* **STORED DATA**:
- Opening Delimiter -

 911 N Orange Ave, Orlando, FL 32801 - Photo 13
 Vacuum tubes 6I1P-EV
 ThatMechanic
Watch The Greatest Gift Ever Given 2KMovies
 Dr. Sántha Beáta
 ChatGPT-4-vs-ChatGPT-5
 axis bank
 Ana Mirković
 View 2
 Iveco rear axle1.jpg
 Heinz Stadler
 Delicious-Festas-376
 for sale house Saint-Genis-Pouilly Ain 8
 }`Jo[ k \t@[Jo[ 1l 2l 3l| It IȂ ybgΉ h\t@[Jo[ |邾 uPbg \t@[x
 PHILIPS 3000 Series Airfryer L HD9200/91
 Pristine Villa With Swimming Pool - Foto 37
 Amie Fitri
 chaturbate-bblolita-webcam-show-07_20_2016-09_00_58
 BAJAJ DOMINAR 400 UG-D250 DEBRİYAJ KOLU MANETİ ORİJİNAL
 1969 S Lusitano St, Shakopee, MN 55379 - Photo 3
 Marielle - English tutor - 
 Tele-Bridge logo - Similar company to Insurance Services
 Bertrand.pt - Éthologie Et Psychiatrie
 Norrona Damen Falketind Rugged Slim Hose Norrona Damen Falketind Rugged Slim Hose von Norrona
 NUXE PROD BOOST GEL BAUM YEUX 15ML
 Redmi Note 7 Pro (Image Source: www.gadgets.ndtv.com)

- Closing Delimiter -

* **INSTRUCTIONS TO FOLLOW**: Your task is to say how many lines in the entries above contain the word "Photo". Please write only the number.

* **OUTPUT OF THE EXERCISE**: 2